I never drank tea until I went to China when I was 18. There, I had no option. Green tea was served by default at all meals, and there was always a flask by your bedside in guesthouses and hotels.
Ubiquitous doesn’t really do full justice to the omnipresence of tea in China. Although the Chinese only drink something more than a quarter of the quantity that we do in Britain, they are by far and away the largest producers of the precious plant, responsible for a third of global production.
Only after my visit did I fully comprehend the staggering contempt implied by the saying, ‘Not for all the tea in China’.
My Chinese education explains why I take my tea with neither milk nor sugar.
I dread to imagine the state of my teeth had I starting drinking tea just a few weeks before, when I was in Egypt. In the Nile Valley, the default is tiny glasses of black tea filled halfway with white sugar and, perhaps, a sprig of mint.
It’s got more in common with a Magnum ice cream than the restorative brew I found in China.
The point is that, since 2001, I have rarely been without tea. Often green, occasionally black if I need the astringent caffeine hit.
Just as often, though, I’ll have what the French would call a tisane, or what the more pretentious English would call a herbal infusion – a redbush, a chamomile, a peppermint, or some other preparation of dried organic matter.
For me, the point is not the caffeine or even the flavour, but the psychological comfort of having something to do with my hands (behave yourself) between essays at the keyboard.
In days past, writers smoked cigarettes, cigars or cigarillos; many still use alcohol. I used to chew gum and eat biscuits. But tea, I find, offers something else.
I’m preaching to the choir, of course. All of my friends, bar one, drink tea in copious quantities. So why bring this up today?
Last weekend, after a day spent working on Foiled, Beth and I went dancing. On the way home, I can’t remember why, Beth was holding forth on the subject of morning tea.
She told me that, whenever she stays over at her parents’ place, her mum creeps up to her room in the morning with a fresh brew. She knocks softly on Beth’s door, lays the tea (milk, no sugar) down on her bedside table, and gently whispers: ‘There’s a tea there if you want it.’
Her mum does this all so lightly that there’s no chance of Beth waking from a deep sleep, but if she’s already drifting to the surface of consciousness, then – lo and behold – the greatest start to a morning imaginable.
This vignette led to a discussion on the role of empathy in relationships.
The Golden Rule exhorts us to treat others as we would wish ourselves to be treated. It’s good enough so far as it goes, but in my opinion the Golden Rule does not go even nearly far enough.
Most of us, let’s be honest, treat ourselves like shit. We have such a low opinion of ourselves, that we would never in our wildest dreams imagine anyone else would ever make us a cup of tea in the morning.
If we were to follow the mere Golden Rule for our behaviour, we would likewise never think of making a morning tea for anyone else.

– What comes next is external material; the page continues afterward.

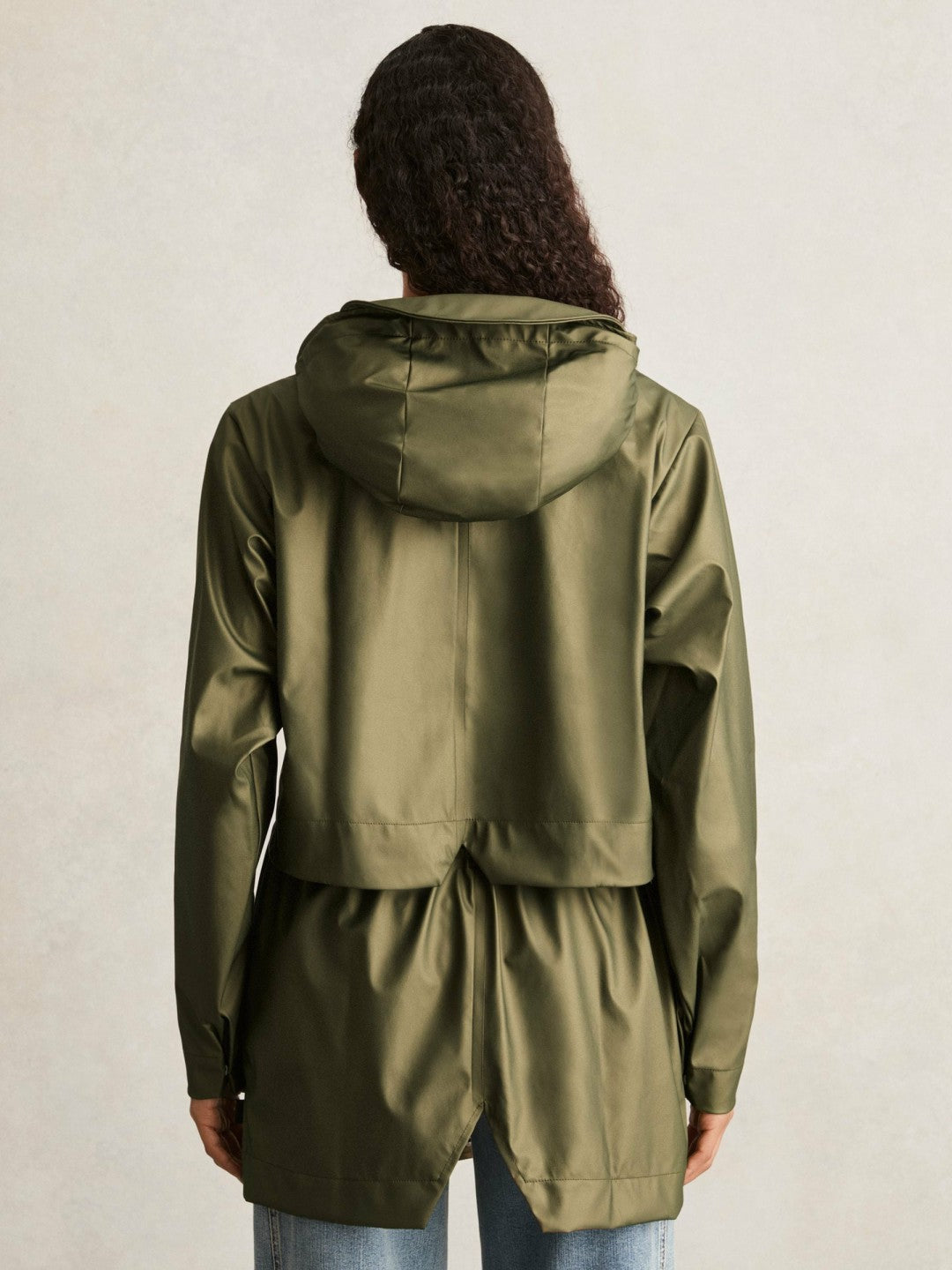 Rains Long Hooded Jacket Revel Brass Green | Womens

And – lo and behold – this is how many relationships pan out.
Yesterday, the same topic came up with another friend – let’s call her Ariadne for no reason whatsoever – who lives with a couple. Ariadne told me how annoyed she was that the boyfriend would never make a morning cuppa for his girlfriend.
‘He’s up at the same time as me. I’m always in a rush; he never is. And yet he never makes her a cup of tea; I do.’
Sometimes Ariadne brings the girlfriend tea when the boyfriend is in bed kissing her goodbye. ‘You’re just shit-stirring now,’ he says.
And of course she is. But if he swallowed his pride for one second and saw how happy that morning tea made his girlfriend, then he’d see that the cognitive cost of doing something for someone else is, quelle horreur!, outweighed a hundred times over by the closer relationships we earn.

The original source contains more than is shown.